A House panel voted Thursday to regulate for the first time privately traded derivatives, the kind of exotic financial instruments blamed for helping bring down Lehman Brothers and nearly toppling American International Group.
The 43-26 vote by the House Financial Services Committee, was a major step toward completing President Barack Obama's proposed overhaul of the regulations governing the nation's financial institutions.
The mostly party line vote showed that Democrats were prepared to band together to override objections by Republicans and the financial lobby to push for increased protections for investors.
The Obama administration hailed the legislation as throwing sunlight on an opaque and growing $600 trillion global market that has so far escaped government oversight.

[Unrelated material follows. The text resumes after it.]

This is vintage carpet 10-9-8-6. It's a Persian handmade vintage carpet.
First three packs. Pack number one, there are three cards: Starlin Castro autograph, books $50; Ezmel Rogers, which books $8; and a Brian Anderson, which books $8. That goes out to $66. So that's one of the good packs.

The bill "is absolutely essential to preserving a strong marketplace, preserving transparency (and) getting incentives right in the system," said Michael Barr, Treasury's assistant secretary for financial institutions.
"We don't want to allow any firm like an AIG to be able to engage in derivatives transactions without requiring those transactions be reported and to be traded on an exchange," he said.
In the case of AIG, the company sold a form of derivatives to investors who were looking to protect themselves against losses in the housing market. When the economy tanked, AIG didn't have enough resources to make good on all of its promises and required a hefty government bailout to avoid folding.
Under the proposed bill, which still faces scrutiny by the full House and in the Senate, AIG would have been required to show government regulators that it had sufficient reserves as a back up.